Talented people have an annoying side.

Tip: Remember why you hired them.

#2. The bar creeps higher.

Yesterday’s good performance is today’s average. Escalating expectations transform good team members into annoying disappointments.

  • Consider their current contribution. “If things don’t change, do you want them on the team?”
  • Give titles to people who are already doing the job, not as motivation. Titles should reflect who people are, not who you hope they become.

Who annoys you? Is it because they haven’t grown with your organization?

Organizations grow and the people inside them need to grow or go.

#3. Lack is annoying.

They lack passion, initiative, ownership, or skill. (Yes, it’s possible to be talented and have lack.)

Lack is opportunity.

  • They lack passion. How might you ignite passion?
  • You care more deeply about results than others. How might you invite team members to show up with heart?
  • They don’t own it. How might you inspire ownership in others?  
  • They lack skill. Are they open and eager for training? How will you enhance their skills?

4 things to consider before pouring into talent:

  1. What values do you share? Many disappointments are collisions of values.
  2. What is their level of aspiration? Is it acceptable?
  3. How have they grown in the past? No-growth in the past often predicts no growth in the future. (Give second chances, but when no-growth-people fail to grow, send them to your competitor.)
  4. Have they exhibited curiosity?
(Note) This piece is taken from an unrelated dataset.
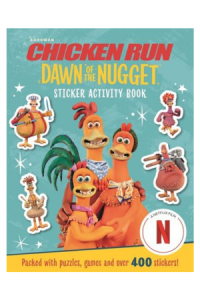 book cover template - 2026-03-12t121311.174. Chicken Run: Sticker Activity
Integrity, aptitude, and talent are baseline qualities. After that, do they ask questions?

4 more reasons others are so annoying:

  1. You have a magnification problem. You magnify strengths in yourself and faults in others. 
  2. You’re grappling with issues and problems they don’t understand or appreciate.
  3. They aren’t like you. Emotion, for example, governs their behavior but you get work done regardless of how you feel.
  4. They are like you. Carl Jung taught that others irritate us when we see ourselves in them.

Big suggestion:

Govern your attitude and behavior by who you are, not who others fail to be.
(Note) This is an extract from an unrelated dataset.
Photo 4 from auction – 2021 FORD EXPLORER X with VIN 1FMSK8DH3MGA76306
Elizabeth Barrett Browning encouraged Robert Browning to love her for no good reason, except love itself. She reasoned if love has a reason, the reason might change and love would end.
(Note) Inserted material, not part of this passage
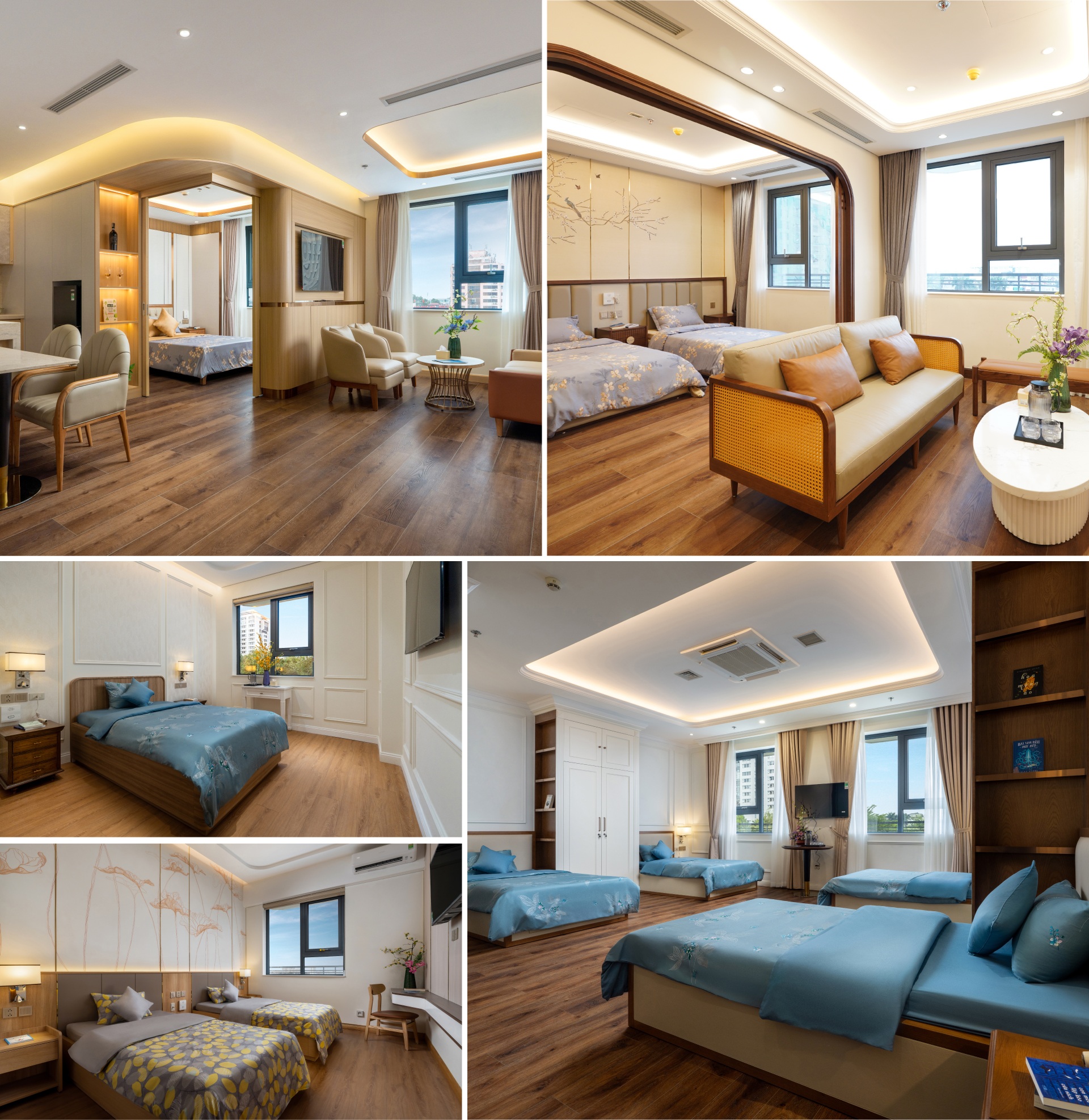 Không gian xa hoa hơn 800 tỷ đồng của phức hợp Nghỉ dưỡng - Dưỡng lão Phương Đông Asahi - 3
In Sonnet’s of the Portuguese #XIV

If thou must love me, let it be for nought
Except for love’s sake only.  …

………………………..  Neither love me for
Thine own dear pity’s wiping my cheeks dry,—
A creature might forget to weep, who bore
Thy comfort long, and lose thy love thereby!
But love me for love’s sake, that evermore
Thou may’st love on, through love’s eternity.

Be who you are. Authentic leaders end up less annoyed with others.

What might leaders do when team members annoy them?

*I relax my 300 word limit on weekends.